Sous prétexte d’exalter les différences entre les sexes en flattant les qualités féminines, elle en a évincé les vraies femmes. Le piège est terrible pour certaines d’entre nous, qui par un discours élogieux sur la douceur, la bonté et la maternité, se retrouvent dans une prison dorée qui nous subordonne complètement à l’homme ».
Des prêtres à tout prix ?
Au-delà de cette « peur » des femmes, les nouvelles exclusions s’expliqueraient par un changement de cap pris par l’Eglise, qui mise désormais tout sur la figure du prêtre, le retour vers l’espace sacré et le « recentrage » dogmatique pour tenter d’enrayer la crise qu’elle traverse.

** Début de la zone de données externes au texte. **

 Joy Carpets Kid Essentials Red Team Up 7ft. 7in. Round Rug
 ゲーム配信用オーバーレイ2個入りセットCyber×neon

Mais pour Anne Soupa, la volonté de susciter des prêtres à tout prix est le talon d’Achille de l’Eglise :
« Elle choisit une stratégie suicidaire face à la crise des vocations qu’elle traverse. Ce ne sont pas une centaine de prêtres par an qui vont la sauver.
Arc-boutés sur cette question, la plupart des évêques, quoique très attachés à Vatican II, se font piéger par un réflexe de peur, acceptent de puiser dans les communautés traditionalistes, qui amènent des prêtres et de l’argent, ou font appel à des prêtres de l’étranger, au mépris d’une règle de l’Eglise, qui veut que les communautés génèrent leurs propres prêtres. »
Vague identitaire
Au final, la boutade que m’avait lancé ce curé sur les paroisses réacs’ et progressistes reconnaissables à leur liturgie sans femme révélait quelque chose d’assez subtil.
Si elle parle des questions de genre, cette exclusion liturgique montre aussi un divorce consommé au sein du catholicisme :
Pour Céline Béraud :
« Cette affaire révèle la très grande pluralité de l’Eglise, pourtant quasi invisible de l’extérieur. Deux pôles divergents s’opposent : l’un, plus identitaire, que l’on retrouve dans la mobilisation contre le mariage pour tous par exemple, et l’autre, celui de l’ouverture, qui a désormais du mal à se faire entendre et manque de porte parole.
Or, le vent a tourné et l’épiscopat reflète désormais plutôt un catholicisme d’identité. Résultat, une partie des fidèles ne se retrouvent plus dans le discours de l’Eglise. »
Les médias ne parlent que des réacs’
C’est le cas de Sophie, 29 ans, qui se désole de voir ses amis toujours plus nombreux à quitter le navire :
« Les médias généralistes ne parlent que d’une partie des catholiques, les plus réacs’, très actifs sur les réseaux sociaux, car leur discours est tout prêt et frappe les esprits.
Les prêtres se disent donc que ce sont eux l’avenir. Mais moi, ce que je vois, c’est qu’en réalité ils font fuir beaucoup de catholiques, qui n’en peuvent tout simplement plus de se sentir exclus !
Le pire c’est qu’ils ne se rendent même pas compte. Et quand je vois la mobilisation contre le mariage pour tous, je me dis que ça n’est pas près de changer. »
Sophie, elle, n’ira pas grossir les cortèges d’opposants au projet de loi socialiste. Et a déjà prévu de ne pas allumer sa radio le jour de la prochaine manif.